# ASSIGNMENT:
Without the images, reproduce every entry exactly.

# Image-text web data:
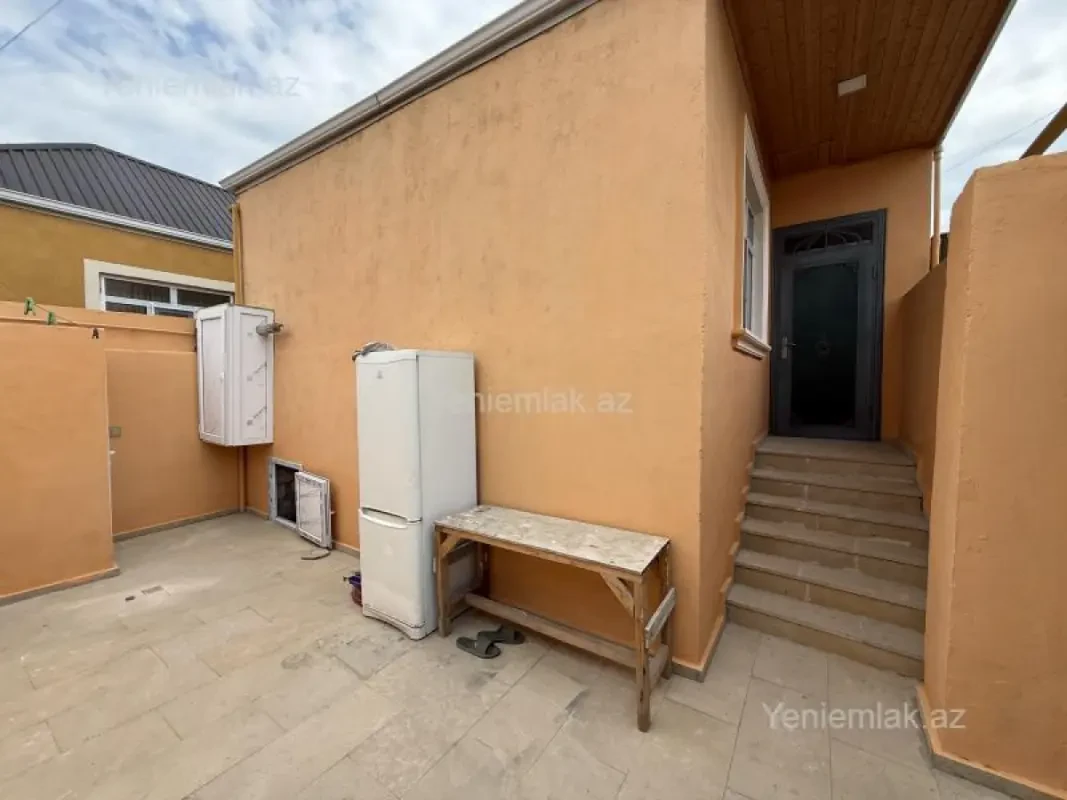 Satılır 2 otaqlı həyət evi 65 m²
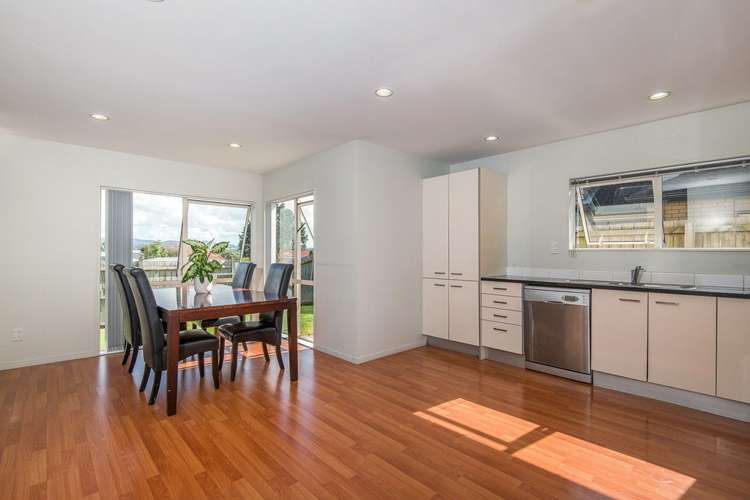 28 Merlot Way Te Atatu South_3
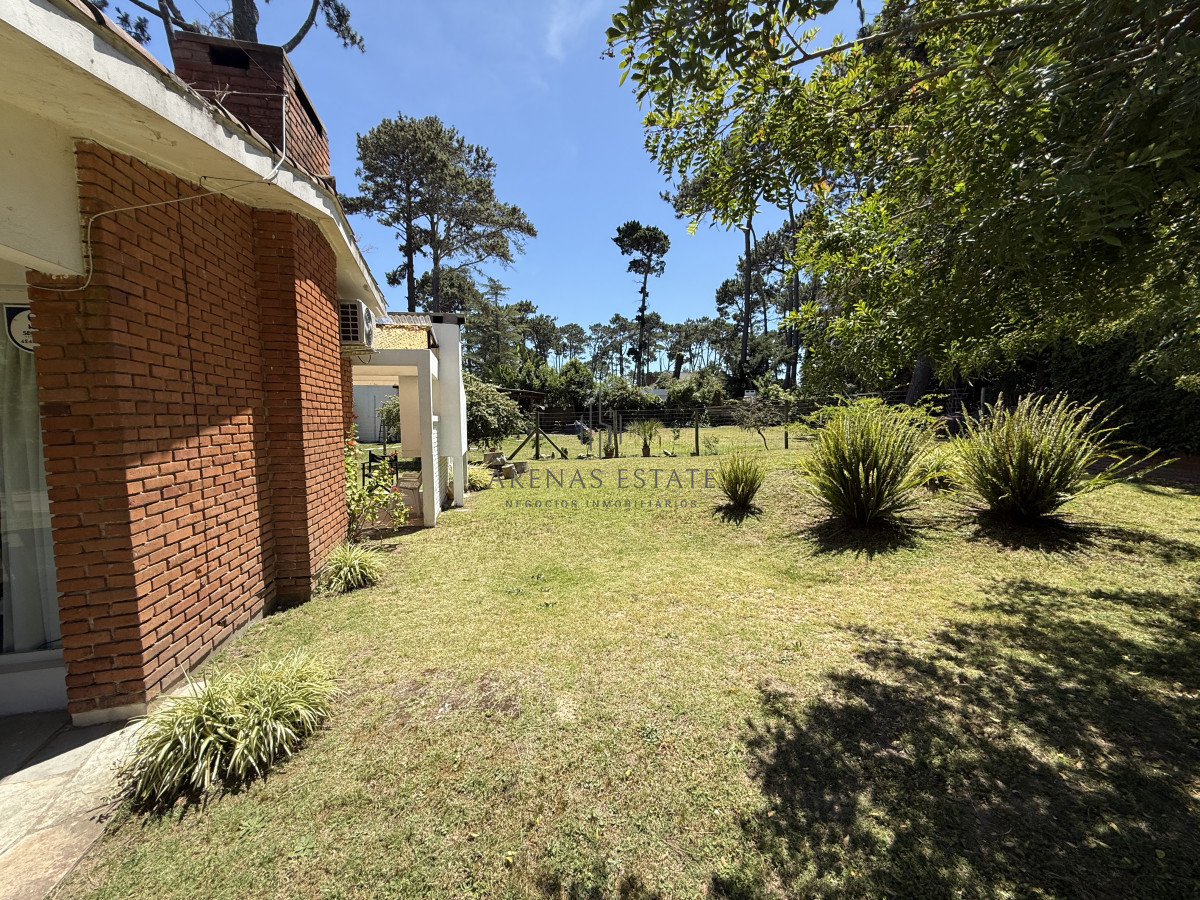 Casa ID.4175 - Casa en venta - Ubicación estratégica y gran terreno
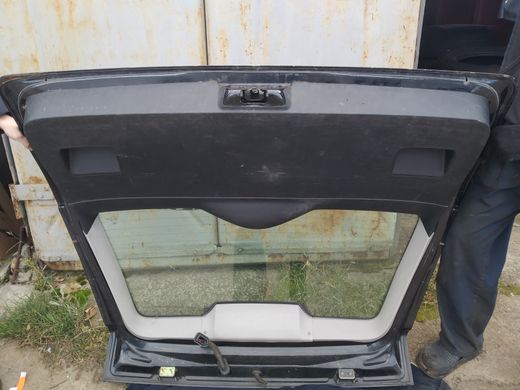 Крышка багажника с замочной скважиной черная 4 дв. универсал Ford Mondeo '00-'07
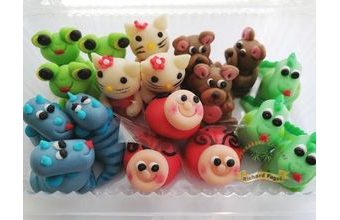 Modelované postavičky 2 DINO 18ks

# SOLUTION TO THE EXERCISE:
 Satılır 2 otaqlı həyət evi 65 m²
 28 Merlot Way Te Atatu South_3
 Casa ID.4175 - Casa en venta - Ubicación estratégica y gran terreno
 Крышка багажника с замочной скважиной черная 4 дв. универсал Ford Mondeo '00-'07
 Modelované postavičky 2 DINO 18ks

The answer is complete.